= YOUR ASSIGNMENT =
Only one stretch of the data is wanted: the line containing "Youngest Princess chapter 43 page 37", the line containing "Casa amb balcó", and every line between them, copied exactly.

= DATA SUPPLIED =
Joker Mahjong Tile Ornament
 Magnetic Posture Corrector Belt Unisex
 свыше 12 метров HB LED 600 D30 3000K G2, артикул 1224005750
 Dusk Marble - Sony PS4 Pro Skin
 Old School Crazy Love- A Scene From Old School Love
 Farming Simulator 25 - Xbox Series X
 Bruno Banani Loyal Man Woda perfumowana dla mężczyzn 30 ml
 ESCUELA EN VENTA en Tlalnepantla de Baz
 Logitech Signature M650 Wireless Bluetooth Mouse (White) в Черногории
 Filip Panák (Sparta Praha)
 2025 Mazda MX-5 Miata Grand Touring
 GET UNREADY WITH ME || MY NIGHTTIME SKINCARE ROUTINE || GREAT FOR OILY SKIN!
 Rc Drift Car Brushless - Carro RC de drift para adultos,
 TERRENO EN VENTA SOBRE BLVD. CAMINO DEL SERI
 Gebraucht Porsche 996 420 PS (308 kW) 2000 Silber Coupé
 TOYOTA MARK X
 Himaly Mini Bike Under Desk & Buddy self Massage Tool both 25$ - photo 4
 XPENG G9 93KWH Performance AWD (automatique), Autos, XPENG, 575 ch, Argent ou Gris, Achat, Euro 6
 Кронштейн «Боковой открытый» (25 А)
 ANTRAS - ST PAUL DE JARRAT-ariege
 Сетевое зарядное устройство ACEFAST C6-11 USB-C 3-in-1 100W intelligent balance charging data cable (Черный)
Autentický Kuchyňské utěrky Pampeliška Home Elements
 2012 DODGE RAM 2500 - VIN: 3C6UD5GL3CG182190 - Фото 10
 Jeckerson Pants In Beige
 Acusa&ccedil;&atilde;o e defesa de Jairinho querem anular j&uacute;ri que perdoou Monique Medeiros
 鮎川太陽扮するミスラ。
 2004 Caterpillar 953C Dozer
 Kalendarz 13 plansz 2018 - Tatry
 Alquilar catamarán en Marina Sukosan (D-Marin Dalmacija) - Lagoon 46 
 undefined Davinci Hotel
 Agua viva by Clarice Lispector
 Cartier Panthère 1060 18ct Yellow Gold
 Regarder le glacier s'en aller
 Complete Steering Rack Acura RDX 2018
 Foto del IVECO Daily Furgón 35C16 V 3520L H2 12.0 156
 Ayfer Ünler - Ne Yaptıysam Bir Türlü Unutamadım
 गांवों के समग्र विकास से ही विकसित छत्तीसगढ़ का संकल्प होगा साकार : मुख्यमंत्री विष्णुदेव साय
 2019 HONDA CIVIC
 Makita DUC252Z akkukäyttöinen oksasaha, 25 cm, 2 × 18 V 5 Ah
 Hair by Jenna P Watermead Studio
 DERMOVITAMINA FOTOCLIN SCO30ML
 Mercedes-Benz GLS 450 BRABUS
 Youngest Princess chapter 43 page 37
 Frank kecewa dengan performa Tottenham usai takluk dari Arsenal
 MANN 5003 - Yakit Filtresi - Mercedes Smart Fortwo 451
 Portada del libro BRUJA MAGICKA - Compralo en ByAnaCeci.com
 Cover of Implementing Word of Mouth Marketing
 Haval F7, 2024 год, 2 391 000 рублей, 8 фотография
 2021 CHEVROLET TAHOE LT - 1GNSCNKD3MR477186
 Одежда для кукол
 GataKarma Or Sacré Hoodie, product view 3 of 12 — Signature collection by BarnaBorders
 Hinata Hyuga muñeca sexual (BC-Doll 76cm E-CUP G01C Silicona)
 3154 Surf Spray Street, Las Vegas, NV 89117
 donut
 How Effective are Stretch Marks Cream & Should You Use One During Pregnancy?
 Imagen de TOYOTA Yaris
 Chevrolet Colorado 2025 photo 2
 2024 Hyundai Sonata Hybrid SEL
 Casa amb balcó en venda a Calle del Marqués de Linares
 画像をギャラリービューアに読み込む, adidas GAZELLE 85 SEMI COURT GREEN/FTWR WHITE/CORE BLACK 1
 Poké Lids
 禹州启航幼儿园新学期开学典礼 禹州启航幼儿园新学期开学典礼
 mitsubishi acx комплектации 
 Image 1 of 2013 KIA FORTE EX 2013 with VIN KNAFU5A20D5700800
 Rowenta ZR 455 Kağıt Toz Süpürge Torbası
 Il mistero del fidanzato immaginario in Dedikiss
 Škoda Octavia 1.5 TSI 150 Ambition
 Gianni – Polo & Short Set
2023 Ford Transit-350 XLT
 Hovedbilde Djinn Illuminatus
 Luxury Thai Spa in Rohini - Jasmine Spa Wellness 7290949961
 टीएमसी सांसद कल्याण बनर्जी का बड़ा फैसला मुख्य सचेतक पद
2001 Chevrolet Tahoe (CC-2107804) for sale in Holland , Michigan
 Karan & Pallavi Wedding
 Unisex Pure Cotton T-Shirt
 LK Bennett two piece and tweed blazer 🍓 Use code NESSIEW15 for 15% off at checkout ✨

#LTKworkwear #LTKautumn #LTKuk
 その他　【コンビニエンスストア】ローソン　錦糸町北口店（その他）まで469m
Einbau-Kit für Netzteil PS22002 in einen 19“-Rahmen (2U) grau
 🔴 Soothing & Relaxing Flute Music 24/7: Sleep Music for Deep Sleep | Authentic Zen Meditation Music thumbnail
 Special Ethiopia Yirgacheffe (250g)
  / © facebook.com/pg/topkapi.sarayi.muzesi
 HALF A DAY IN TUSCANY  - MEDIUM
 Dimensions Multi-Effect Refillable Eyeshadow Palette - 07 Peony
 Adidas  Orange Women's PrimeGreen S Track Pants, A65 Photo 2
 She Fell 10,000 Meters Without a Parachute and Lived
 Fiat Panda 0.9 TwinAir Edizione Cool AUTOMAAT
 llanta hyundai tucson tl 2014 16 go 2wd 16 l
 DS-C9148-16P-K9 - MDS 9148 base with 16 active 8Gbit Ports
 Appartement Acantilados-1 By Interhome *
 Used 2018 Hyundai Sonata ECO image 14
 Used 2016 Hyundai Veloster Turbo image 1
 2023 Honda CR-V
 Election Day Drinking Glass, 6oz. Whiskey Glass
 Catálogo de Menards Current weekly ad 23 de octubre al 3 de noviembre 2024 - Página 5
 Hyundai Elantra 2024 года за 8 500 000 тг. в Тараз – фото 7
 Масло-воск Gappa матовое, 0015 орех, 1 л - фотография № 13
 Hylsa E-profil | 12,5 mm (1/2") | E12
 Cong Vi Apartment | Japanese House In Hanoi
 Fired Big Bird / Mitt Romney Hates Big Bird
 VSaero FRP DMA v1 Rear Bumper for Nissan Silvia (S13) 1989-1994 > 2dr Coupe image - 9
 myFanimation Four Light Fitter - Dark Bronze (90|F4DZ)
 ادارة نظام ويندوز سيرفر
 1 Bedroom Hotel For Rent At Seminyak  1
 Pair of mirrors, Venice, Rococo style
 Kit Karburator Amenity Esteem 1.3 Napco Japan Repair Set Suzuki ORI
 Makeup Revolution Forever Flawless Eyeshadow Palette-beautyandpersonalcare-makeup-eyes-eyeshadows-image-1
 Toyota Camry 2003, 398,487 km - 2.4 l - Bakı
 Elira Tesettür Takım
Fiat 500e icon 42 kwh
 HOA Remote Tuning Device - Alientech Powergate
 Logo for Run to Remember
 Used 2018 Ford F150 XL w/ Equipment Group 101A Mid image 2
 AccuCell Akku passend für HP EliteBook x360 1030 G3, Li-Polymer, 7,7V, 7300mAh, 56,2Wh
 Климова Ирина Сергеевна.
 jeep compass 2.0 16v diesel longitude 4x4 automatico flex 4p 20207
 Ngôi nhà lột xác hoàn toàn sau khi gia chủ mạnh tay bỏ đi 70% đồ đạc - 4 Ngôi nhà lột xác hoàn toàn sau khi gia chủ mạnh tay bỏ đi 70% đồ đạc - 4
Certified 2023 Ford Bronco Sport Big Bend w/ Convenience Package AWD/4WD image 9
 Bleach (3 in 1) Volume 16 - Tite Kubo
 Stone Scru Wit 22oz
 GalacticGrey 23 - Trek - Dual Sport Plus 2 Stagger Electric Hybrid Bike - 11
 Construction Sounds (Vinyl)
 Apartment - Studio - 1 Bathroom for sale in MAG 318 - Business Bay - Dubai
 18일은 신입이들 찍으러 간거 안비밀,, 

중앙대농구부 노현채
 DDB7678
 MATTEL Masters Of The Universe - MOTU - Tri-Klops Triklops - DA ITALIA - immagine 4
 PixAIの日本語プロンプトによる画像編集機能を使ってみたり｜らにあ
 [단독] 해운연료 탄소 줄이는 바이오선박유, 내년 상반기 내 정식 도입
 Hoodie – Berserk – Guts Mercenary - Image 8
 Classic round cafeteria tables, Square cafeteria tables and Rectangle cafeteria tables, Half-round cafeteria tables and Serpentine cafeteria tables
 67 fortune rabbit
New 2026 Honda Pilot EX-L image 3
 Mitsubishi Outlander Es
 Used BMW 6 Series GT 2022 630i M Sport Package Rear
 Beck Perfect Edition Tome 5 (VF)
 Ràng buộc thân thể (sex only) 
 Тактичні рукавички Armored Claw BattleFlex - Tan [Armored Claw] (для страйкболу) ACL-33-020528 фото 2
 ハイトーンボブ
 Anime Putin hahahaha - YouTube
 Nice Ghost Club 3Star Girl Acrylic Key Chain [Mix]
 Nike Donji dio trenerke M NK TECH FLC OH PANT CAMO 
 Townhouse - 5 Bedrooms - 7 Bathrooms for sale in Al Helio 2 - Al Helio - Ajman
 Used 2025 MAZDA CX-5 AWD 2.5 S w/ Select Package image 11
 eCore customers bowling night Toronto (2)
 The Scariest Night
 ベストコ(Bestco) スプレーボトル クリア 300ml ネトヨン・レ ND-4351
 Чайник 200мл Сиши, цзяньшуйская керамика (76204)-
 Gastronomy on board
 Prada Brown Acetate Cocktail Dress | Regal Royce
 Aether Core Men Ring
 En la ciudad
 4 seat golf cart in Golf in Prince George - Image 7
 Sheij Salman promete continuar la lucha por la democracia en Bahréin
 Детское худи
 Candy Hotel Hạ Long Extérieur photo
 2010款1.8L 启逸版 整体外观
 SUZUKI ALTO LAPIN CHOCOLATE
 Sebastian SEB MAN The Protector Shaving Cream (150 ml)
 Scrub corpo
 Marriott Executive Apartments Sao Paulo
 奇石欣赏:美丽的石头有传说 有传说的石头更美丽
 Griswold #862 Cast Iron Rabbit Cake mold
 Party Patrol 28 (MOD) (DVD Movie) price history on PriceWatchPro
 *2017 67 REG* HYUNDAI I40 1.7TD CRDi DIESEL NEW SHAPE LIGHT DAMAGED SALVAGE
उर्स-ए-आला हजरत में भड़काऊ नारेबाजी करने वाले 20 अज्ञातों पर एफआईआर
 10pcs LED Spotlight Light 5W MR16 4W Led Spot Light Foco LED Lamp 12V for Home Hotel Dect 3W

= OUTPUT FOR THIS TASK =
 Youngest Princess chapter 43 page 37
 Frank kecewa dengan performa Tottenham usai takluk dari Arsenal
 MANN 5003 - Yakit Filtresi - Mercedes Smart Fortwo 451
 Portada del libro BRUJA MAGICKA - Compralo en ByAnaCeci.com
 Cover of Implementing Word of Mouth Marketing
 Haval F7, 2024 год, 2 391 000 рублей, 8 фотография
 2021 CHEVROLET TAHOE LT - 1GNSCNKD3MR477186
 Одежда для кукол
 GataKarma Or Sacré Hoodie, product view 3 of 12 — Signature collection by BarnaBorders
 Hinata Hyuga muñeca sexual (BC-Doll 76cm E-CUP G01C Silicona)
 3154 Surf Spray Street, Las Vegas, NV 89117
 donut
 How Effective are Stretch Marks Cream & Should You Use One During Pregnancy?
 Imagen de TOYOTA Yaris
 Chevrolet Colorado 2025 photo 2
 2024 Hyundai Sonata Hybrid SEL
 Casa amb balcó en venda a Calle del Marqués de Linares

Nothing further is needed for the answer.